The problem: Exactly the lines below from the line with "Cơ hội mới cho" through the line with "Piękna Suczka Samoyed" must make up the answer, both ends included and pictures left out.

Records to process:
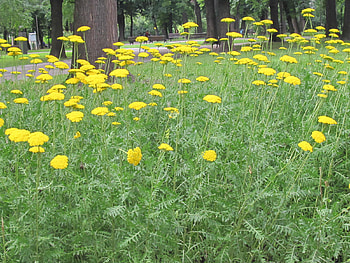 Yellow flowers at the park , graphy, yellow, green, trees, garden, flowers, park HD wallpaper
...
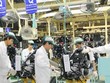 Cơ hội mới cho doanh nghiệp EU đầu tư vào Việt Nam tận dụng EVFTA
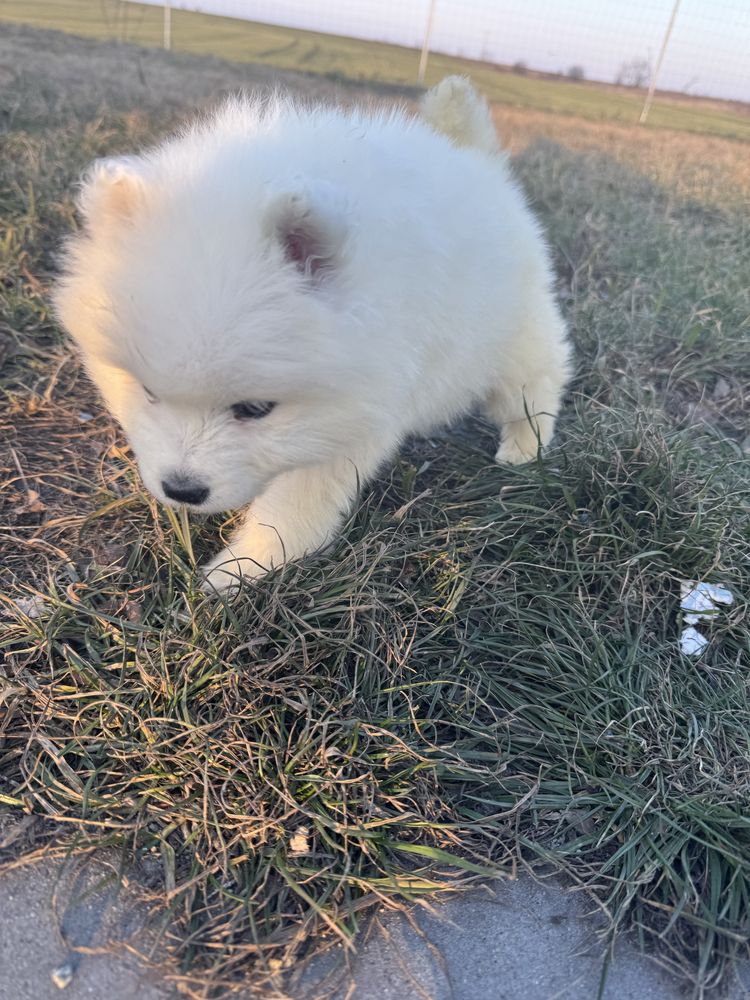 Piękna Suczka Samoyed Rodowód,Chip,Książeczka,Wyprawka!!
...
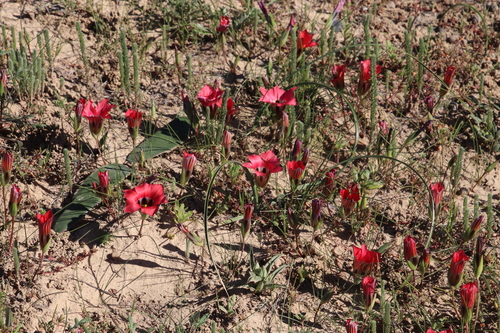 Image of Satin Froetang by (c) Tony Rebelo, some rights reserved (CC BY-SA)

Your solution:
 Cơ hội mới cho doanh nghiệp EU đầu tư vào Việt Nam tận dụng EVFTA
 Piękna Suczka Samoyed Rodowód,Chip,Książeczka,Wyprawka!!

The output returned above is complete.